CRM: Customer Segmentation
Through Cluster Analysis
Not all customers are the same: they have different needs, financial backgrounds, and buying patterns. It therefore makes little sense to have the same strategy for all of your customers. But at the same time, having an individual approach for each customer is time and cost intensive. The best choice is to combine customers into groups or segments that can be addressed in a targeted - and therefore more promising - way. Such groups could be, for example, "bargain hunters," "trend setters" or "technology freaks."
In order to define these groups, companies are faced with the task of identifying segments that are as similar as possible within a broad customer base. In this business case Fashionette GmbH, an online shop specialising in the sale of designer bags, was faced with precisely this challenge. The aim was to determine which theoretically-possible segments actually exist in order to develop a specific and efficient marketing strategy.
The basis of every customer segmentation is data that reflect the purchasing behavior of customers. This includes data on each purchase, such as the type and number of items ordered, whether there were returned items, the date and time of the order, etc. In order to assess what of this information could be relevant for the segmentation, Fashionette discussed which data could be used to characterize different customer groups before the actual segmentation began. This approach ensures that all potentially-relevant information is considered. In addition, further important information was identified to enrich the existing data on purchasing behaviour, e.g. whether or not the customer's place of residence is in a city.
The data-driven determination of the existing customer segments takes place with the help of a cluster analysis. Within the framework of this procedure, the statistical similarity between the customers is first determined on the basis of the relevant data.
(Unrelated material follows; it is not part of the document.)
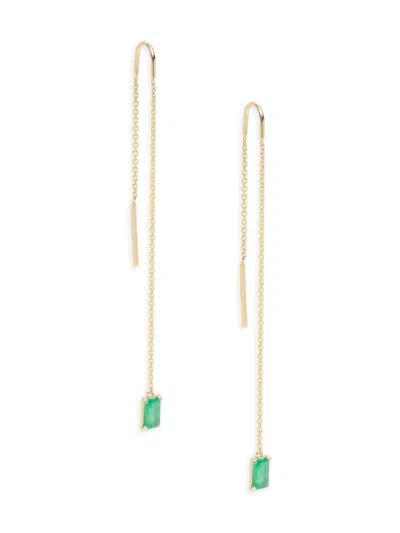 Saks Fifth Avenue Women's Private Label 14k Yellow Gold & 0.48 Tcw Emerald Earrings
In a second step, the customers are grouped into segments so that the customers within a segment are as similar as possible, while the segments differ as much as possible from each other. In the case of Fashionette, eight customer segments were determined in this way, each containing 5% to 20% of the customer base.
The ability to interpret the clusters is essential for the acceptance and use of the segments in the business processes to be optimized. To this end, Fashionette and INWT held a joint workshop in which the segments were interpreted on the basis of their statistical characteristics and converted into “personas,” making them much easier to conceptualize and put into practical use.
Successful customer segmentation is the essential basis for Fashionette's differentiated customer relationship management. Customers can now be addressed in a targeted and demand-oriented manner with the aim of increasing customer satisfaction, and at the same time optimizing business results. Fashionette is now in a position to take targeted, optimized measures, such as:
- Sending a newsletter at the right time, with the right content, to the right customers.
- Sending a targeted voucher campaign with content tailored to the customer segments in order to transfer first-time buyers to long-term customers.
Additionally, new customers are automatically added to one of the defined segments based on their characteristics by the segmentation algorithm implemented in the BI system.